We spent two weeks recording, which for us is a seriously long time. The bed tracks were done in a pristine 1980's-era studio that had more in common with Warrant and Whitesnake than anything we're into. Somehow the environment just made sense for us.

After that, we holed up inside Jon and Melissa's apartment and recorded all the overdubs there. That was right around the point where we lost our minds a little bit. It was the middle of a strangely cold winter, and we decided to abandon outside life and focus on the album.

I remember smoking a lot of hash and holding secret grudges against each of my band members.

What were you listening to when writing these songs? Who influenced the tracks?

I'd say that Jon's obsession with (and subsequent hording of) vintage synthesizers had more to do with the direction of this album than any music we were listening to. We're at the point where the essence of our sound has been well-established.

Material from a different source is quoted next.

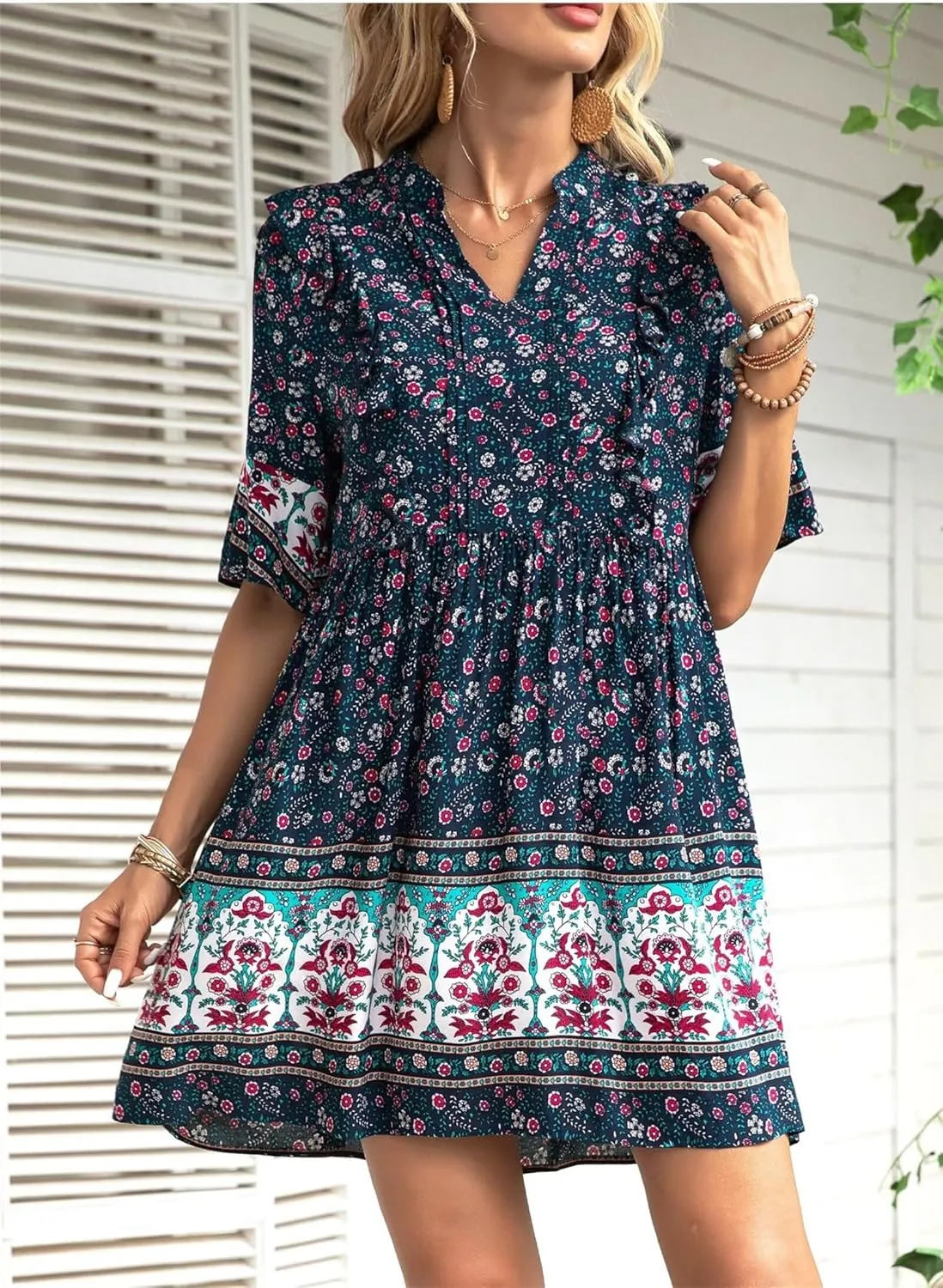 Trendy Summer Dresses Womens Elegant Short Sleeve V Neck Floral Mini Dresses Casual Flowy Beach Vacation Dresses Cute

The nucleus of these songs isn't all that different from our last record, but having these extra instruments around (and the time to experiment with them) gave us the opportunity to create all these counter-melodies and textural layers that really made things so much more interesting.

The track “Rut” addresses the feeling of being in a rut—how do you guys manage those times? Do you think being in a rut helps/harms your songwriting?

We're actually working on a collaborative cookbook right now, and that has been a welcome distraction from the ennui of daily life. We've selected well-loved recipes from each of our families and added our own modern variations. Chris makes these roasted garlic mashed potatoes that are borderline orgasmic.

What are the big future plans? Tours? Getting out of Canada?

We play in the USA pretty frequently. Our last tour was a quick jaunt south of the border during the Fourth of July weekend, and that was incredible. We swam at a frigid beach on lake Michigan, and watched a bratty child hurl a bucket of sand into his father's face.

We'll be touring again in the fall to promote the new album. The dates haven't been confirmed but it will likely be in October. I can't wait to go back to Chicago and get lost in the craft beer store again.

With the recent influx of adolescence-named bands (Tweens, Teens, Psychic Teens), how do you set yourself apart? What makes Teenanger different?

I'm pretty sure each member of Teenanger owns a copy of Rodney Dangerfield's “Rappin' Rodney” on wax. That definitely sets us apart, not only from bands with similar names, but also the vast majority of sane people in the world.

Who would be on your dream tour?

If Dewey Cox (from the film “Walk Hard”) was an actual person, we'd pick him in a heartbeat. I really like that scene where he says “Goddamnit, this is a dark fucking period!”